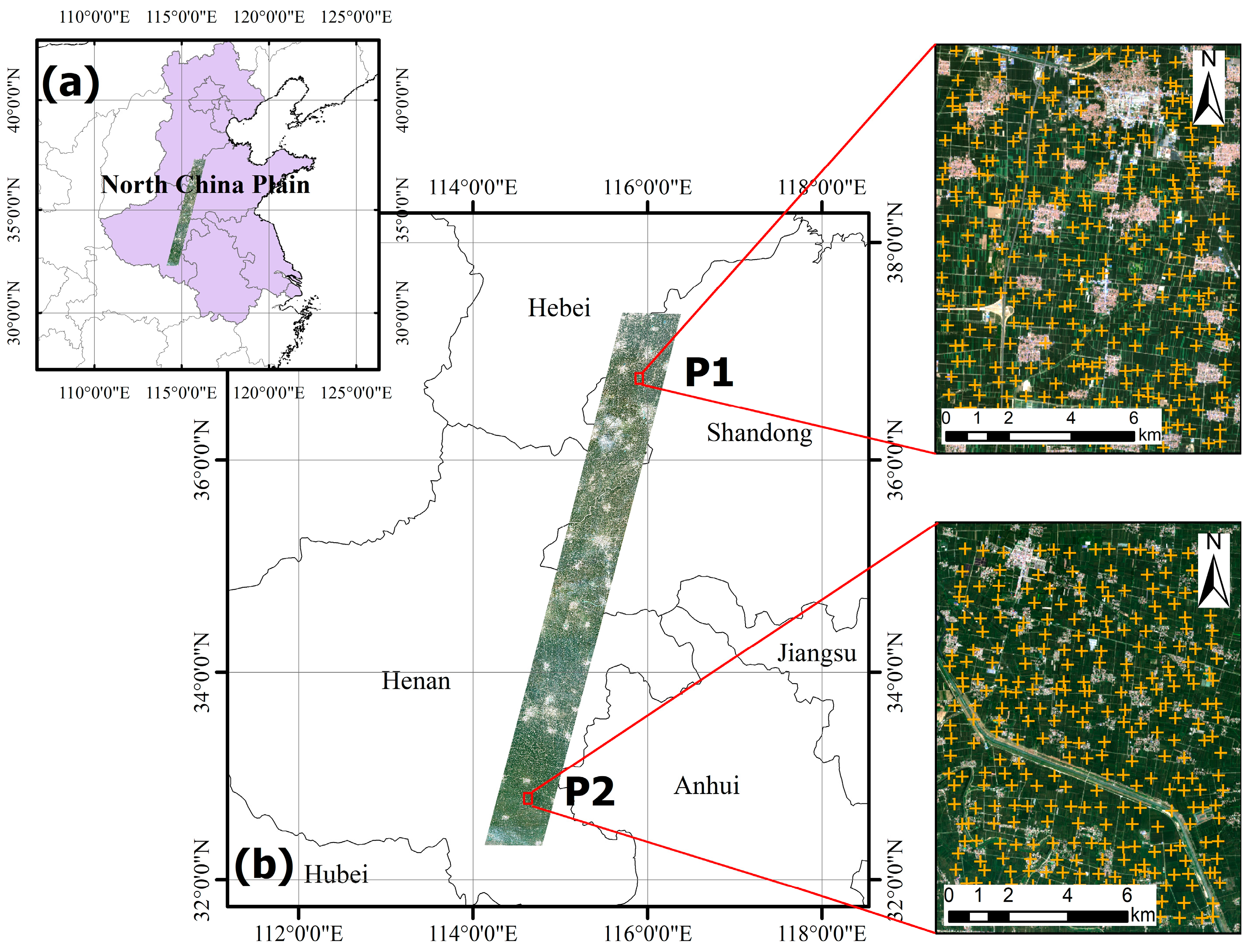 Agriculture 14 01368 g001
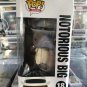 Rocks:The Notorious B.I.G. #18 Funko pop! Vinyl Figure With Protector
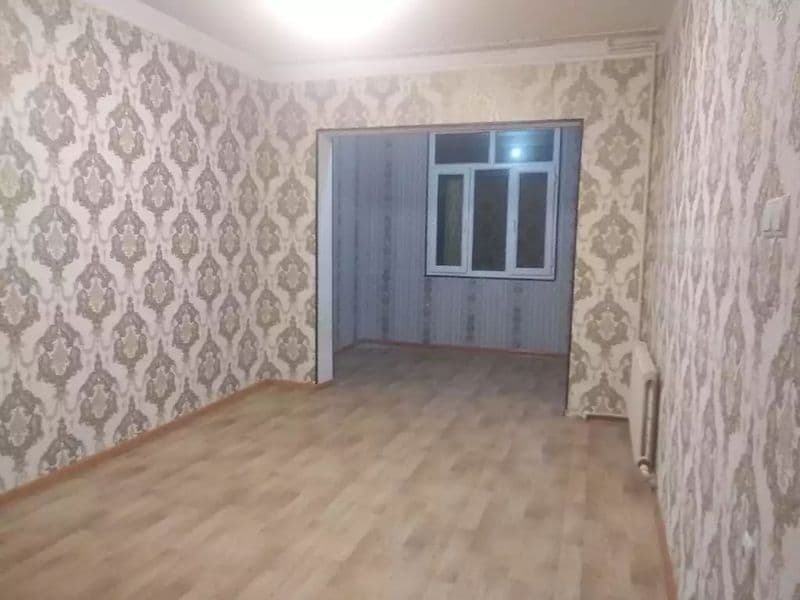 #Wayhontour<br />
Qora tosh chorsu <br />
2/hona 3/etaj 5 et — фото 2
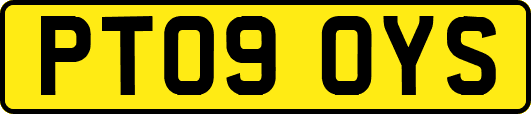 PT09OYS
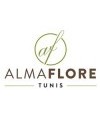 Almaflore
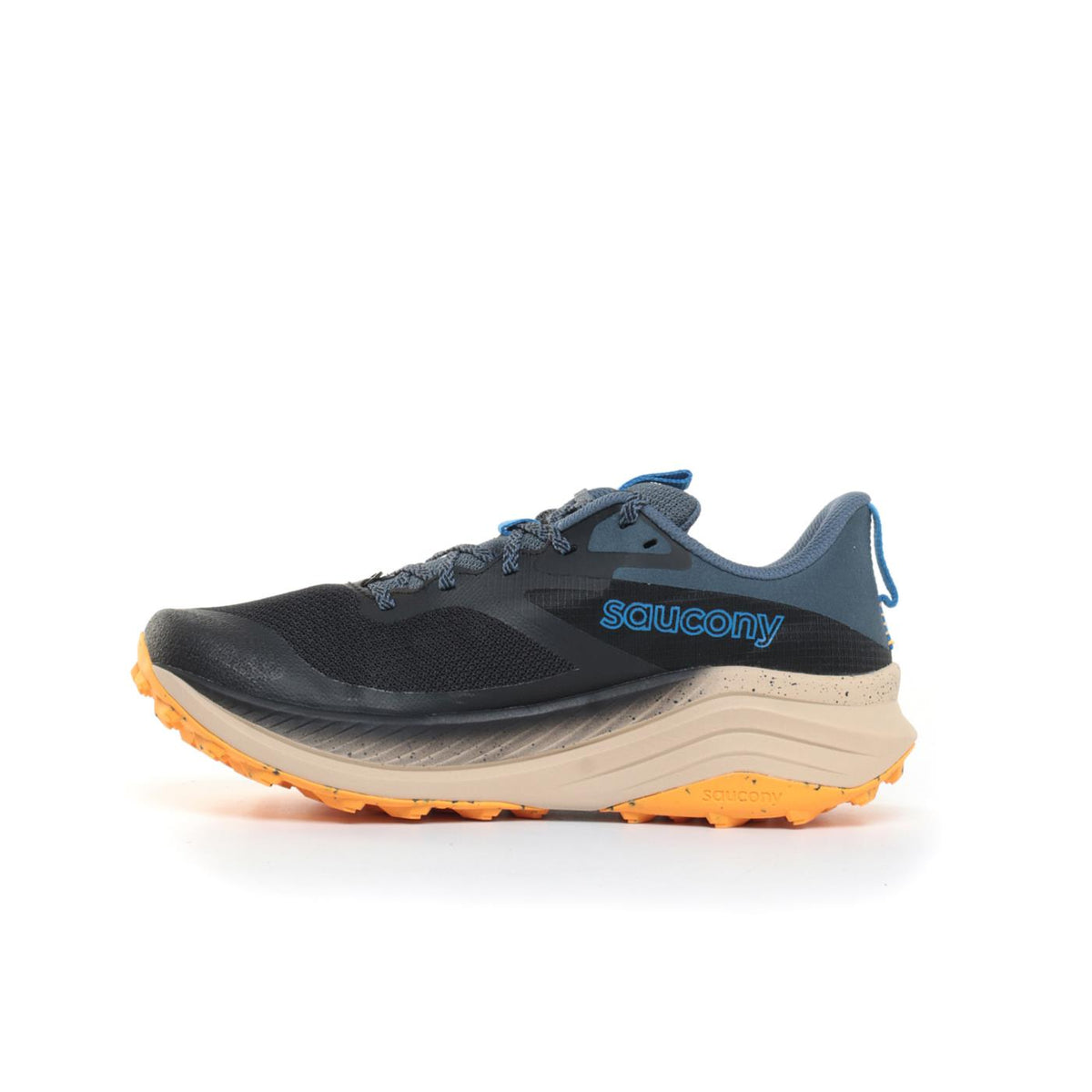 SAUCONY XODUS ULTRA 3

========================================

— Your goal —
With pictures excluded, the lines running from the one containing "#Wayhontour<br />" through the last line of the records above are to be restated exactly and in full.

— Answer for the task —
 #Wayhontour<br />
Qora tosh chorsu <br />
2/hona 3/etaj 5 et — фото 2
 PT09OYS
 Almaflore
 SAUCONY XODUS ULTRA 3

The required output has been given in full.